À la Sainte-Baume, avec les catholiques varois
Depuis mercredi et jusqu’à ce midi, les Universités d’été de la Sainte-Baume se déroulent au pied de la grotte de Marie Madeleine. Thème retenu pour cette 7e édition : faut-il se libérer du libéralisme ?
Après un déjeuner dans les champs, à l’ombre des pins et sous la protection de l’imposant et majestueux massif de la Sainte-Baume, il est l’heure de reprendre les débats. La petite centaine de participants – tous des chrétiens, sinon des catholiques, pratiquants – se dirige dans le calme vers une ancienne grange aménagée en salle de réunion. Au programme de cet après-midi de fin d’été : «le libéralisme est-il un appauvrissement anthropologique ? » Deux ans après la fièvre médiatique qui s’était emparée des lieux, dans la foulée de l’annonce de la participation de Marion Maréchal Le Pen, l’Hôtellerie de la SainteBaume, gérée par l’ordre des Dominicains, a retrouvé tout son calme.

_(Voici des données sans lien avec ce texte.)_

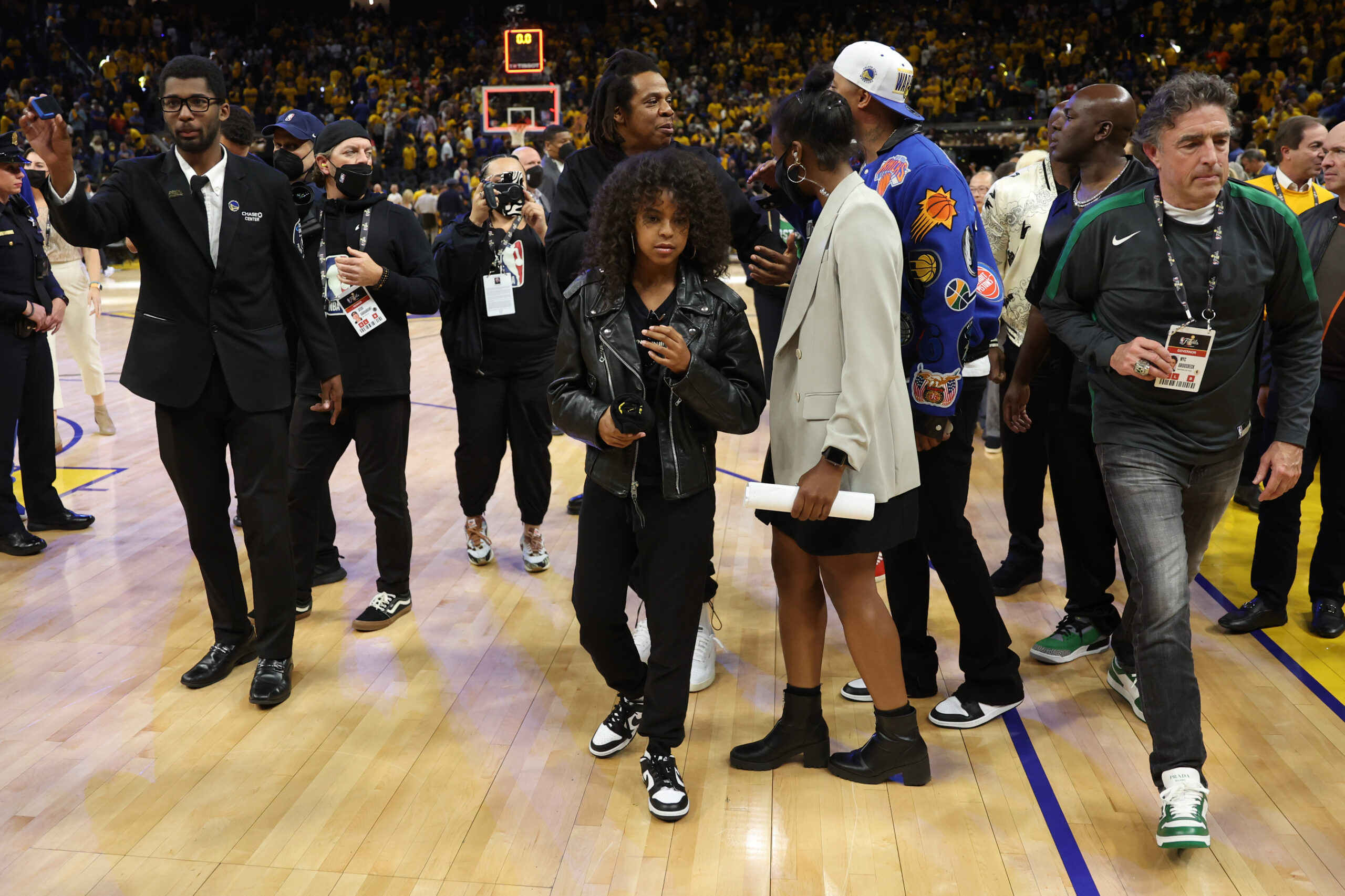 Blue Ivy Carter And Jay-Z Step Out For Father-Daughter Fun At NBA Finals Game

Mis à part une poignée de représentants de la presse locale, les journalistes n’ont pas remis les pieds sur ce plateau calcaire situé entre Mazaugues et le Plan-d’Aups. Si, deux ans après les faits, il « assume parfaitement d’avoir invité » celle qui était encore députée FN, le père Louis-Marie Guitton, l’un des organisateurs, n’est pas mécontent d’avoir retrouvé un peu de quiétude en cette 7e édition. Car le but de ces universités d’été n’est pas de faire le buzz, mais de « promouvoir l’engagement des chrétiens dans la cité », rappelle l’ecclésiastique.
Des dificultés à se situer politiquement
Mais revenons au débat. La Manif pour tous a quelque peu changé l’image des catholiques, les caricaturant en électeurs de droite, forcément libéraux et conservateurs. C’est oublier les attaques répétées du pape François contre le système économique libéral. La réalité est beaucoup plus subtile. « Pour les catholiques, il est souvent très difficile de se déterminer de droite ou de gauche. Si on est contre les OGM, on est de gauche. Mais si dans le même temps, on est contre les manipulations génétiques, on nous classe à droite, et une droite plutôt dure… », fait remarquer le père Guitton, dans un sourire. Aude illustre parfaitement ces difficultés à se situer politiquement. Venue à la Sainte-Baume pour « chercher une formation à titre individuel », cette Parisienne, catholique pratiquante, a voté Fillon, souvent présenté comme le candidat de la droite chrétienne, au 1er tour, s’est abstenue au second, mais avoue «ne pas avoir de préjugés sur Emmanuel Macron», mais plutôt « de fortes attentes » à son égard. À l’inverse, Serge Papin, P.d-g du groupement de commerçants indépendants Système U (1 600 magasins et 70 000 collaborateurs), est venu témoigner de son expérience de « grand patron ». Un qualificatif dans lequel il ne se reconnaît pas. « Je suis plutôt celui qui fédère le vivre ensemble, qui essaye de convaincre, sans contraindre, une communauté de femmes et d’hommes à travailler à un projet commun ». Pour Serge Papin, « il ne faut pas avoir peur de conjuguer les paradoxes». Et de prôner « un libéralisme régulé », d’appeler à « une transformation des entreprises ayant une dimension éthique, privilégiant la réconciliation au rapport de forces ». Une évolution qu’il croit Emmanuel Macron « capable de mener car il a cette envie de réconciliation dans son ADN ».
Comment jugent-ils l’action de Macron ?
Rédacteur en chef du mensuel catholique La Nef, Christophe Geffroy n’a pas du tout le même avis. Pour lui, « le libéralisme n’est pas compatible avec la foi chrétienne dans la mesure où il refuse toute notion de bien et de bien commun». Quant à Macron, s’il salue « son arrivée au pouvoir en à peine 2 ans », il n’attend rien de quelqu’un « avant tout amoureux de lui-même et sans aucune conviction ». Le mot de la fin à Axel, artisan relieur à Paris. Un peu comme Aude, il est venu à La Sainte-Baume chercher « non pas un débat idéologique, mais des éléments pour élargir le champ de ma conscience ». Le libéralisme ? « Je n’aime pas trop les « ismes » synonymes d’idéologie. Or, il n’y a pas d’idéologie compatible avec la foi chrétienne… » À méditer. Les Universités d’été se termineront ce matin par une table ronde politique à laquelle participeront Serge Passerieux (ex PS), Christophe Billan (LR), Djordje Kuzmanovic (France insoumise) et Mgr Dominique Rey.